Source records:

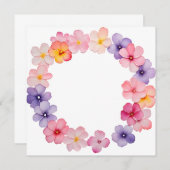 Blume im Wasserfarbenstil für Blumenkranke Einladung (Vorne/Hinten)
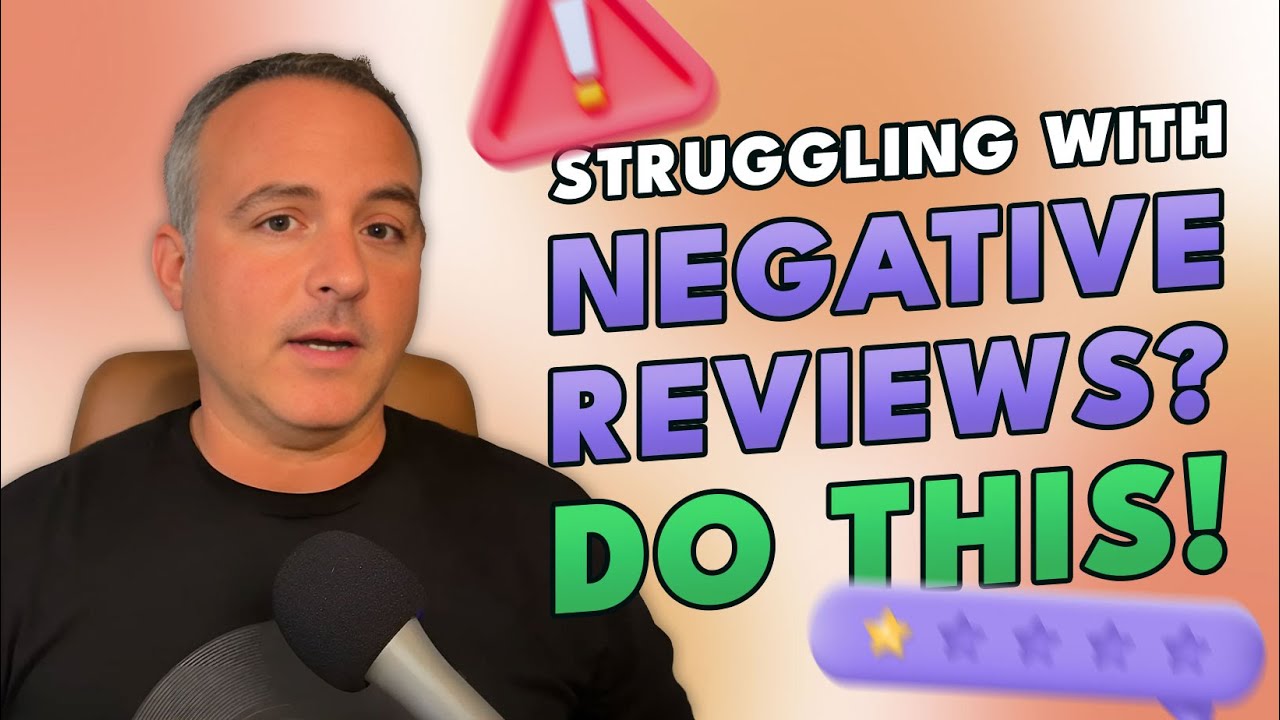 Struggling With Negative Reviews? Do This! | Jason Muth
==
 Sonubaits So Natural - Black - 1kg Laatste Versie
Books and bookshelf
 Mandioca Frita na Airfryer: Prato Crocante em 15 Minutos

Instructions to follow: Reproduce the data above exactly, but only from the line containing "Blume im Wasserfarbenstil" through the line containing "Struggling With Negative". Omit all pictures.

Written response:
 Blume im Wasserfarbenstil für Blumenkranke Einladung (Vorne/Hinten)
 Struggling With Negative Reviews? Do This! | Jason Muth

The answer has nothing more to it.